Gambler’s Fallacy
The Gambler’s Fallacy is the mistaken notion that repetition changes the odds. If you flip a coin five times, always getting tails, there’s still a 50–50 chance that you’ll get tails on your next flip. You can’t say— “Tails has come up five times in a row, so now it’s ‘time’ that heads comes up.”
Gambler’s Anonymous
Resources
• God in the Dock, C. S. Lewis, p. 59.
• The Moral Catastrophe, David Hocking, Harvest House, 1990, pp. 227ff
Incurable Optimists
Human beings are incurable optimists.

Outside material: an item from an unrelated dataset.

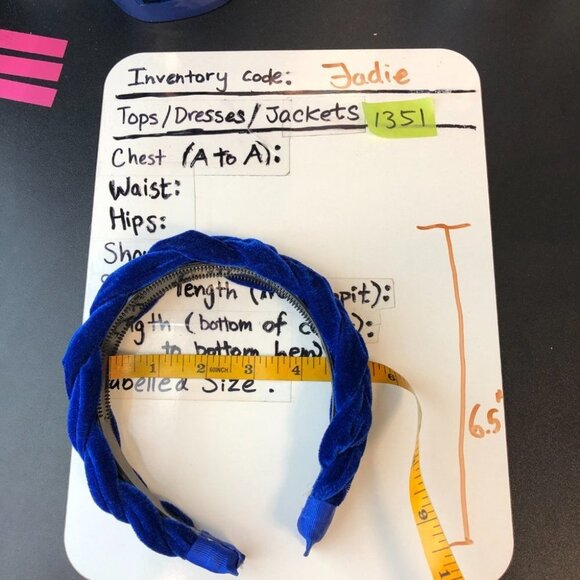Dark Cobalt Blue Velvet Braided Headband - Picture 11 of 11
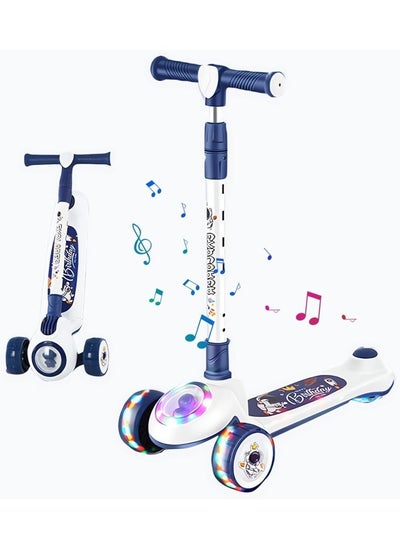 Buy Kids Kick Scooter, LED Lighted Wheels, 3 Adjustable Height Handlebars, Lean-to-Steer, Anti-Slip Deck, 3 Wheels, for Ages 2-8 Years, up to 45 kg in Saudi Arabia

They believe they have a pretty good chance to win a lottery, but that there is hardly any chance of getting killed in a traffic accident.
Bits & Pieces, May 26, 1994, p. 9
Quotes
• Horse sense is what keeps horses from betting on what people will do. – Oscar Wilde
• There are two times in a man’s life when he should not speculate: when he can’t afford it, and when he can. – Mark Twain
• It may be that the race is not always to the swift, nor the battle to the strong—but that’s the way to bet. – Damon Runyon
Sources unknown
Lottery Tickets
• Average number of dollars, per capita, spent on lottery tickets each year, in the top ten lottery states: $135.
Gaming & Wagering Business, reported in American Demographics, 2/89
Good Baptists Don’t Gamble
My grandmother, a staunch Southern Baptist, had marched me off to Sunday school and church regularly. So when I switched to the Episcopal church after marriage, she challenged me: “What’s wrong with the Baptist Church, son?”
“Well,” I explained, “Carole and I flipped a coin to see if we would go to her church or mine, and I lost.”
“Serves you right,” said my grandmother. “Good Baptists don’t gamble.”